You know how you buy exotic seasonings and then don’t exactly know what to do with them? I’ve had a jar of ajwain seeds in my spice cabinet ever since my last order from Penzey’s. I finally decided to just give them a try and added them to this very simple dal made from the quick-cooking masoor dal, a type of split red lentils. The flavor of ajwain is similar to thyme, which you can substitute if you haven’t got ajwain. Thyme, however, doesn’t need to be fried in the hot oil–just add it directly to the dal.

Masoor Dal with Ajwain and Tomato

Masoor Dal with Ajwain and Tomato
(click for printer-friendly version)

Red lentils will also work here, but they may take a little longer to cook.

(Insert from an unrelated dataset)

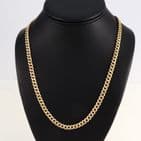 Vintage Solid 9Ct Gold 50.7g Flat Curb Link Chain Necklace 30 1/2''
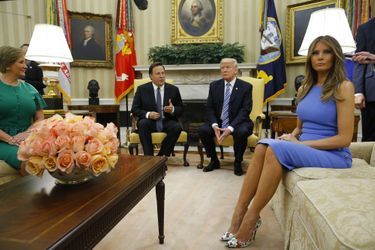 Lorena Castillo, Juan Carlos Varela, Donald et Melania Trump dans le Bureau ovale, le 19 juin 2017.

1 cup masoor dal or red lentils
4 cups water
1/2 teaspoon turmeric
1 teaspoon salt (or to taste)
1/8 teaspoon oil
1/2 teaspoon ajwain seeds (or substitute thyme or more cumin seeds)
1/2 teaspoon cumin seeds
1/2 onion, chopped
1 teaspoon ginger paste (or 1 teaspoon grated fresh ginger)
2 cloves garlic, minced
1 medium-large tomato, chopped

Pick over and rinse the lentils and add them to a pot with the water and turmeric. Bring to a boil and reduce heat to low. Simmer until the dal is tender, about 20 to 35 minutes. When done, add salt and set aside.

Put the 1/8 teaspoon oil in the center of a non-stick pot and heat over medium-high. When hot, add the ajwain and cumin seeds and cook for 1 minute. Add the onion and cook until translucent. Add the ginger paste, garlic, and tomato and cook until the tomato is softened.

Add the dal to the tomato mixture and stir well. Cook for 15 minutes, until flavors have blended. Serve with rice or your choice of Indian bread.

P.S. An added benefit of ajwain is that it’s supposed to ease “digestive discomfort.” So eat up those ajwain-enhanced legumes!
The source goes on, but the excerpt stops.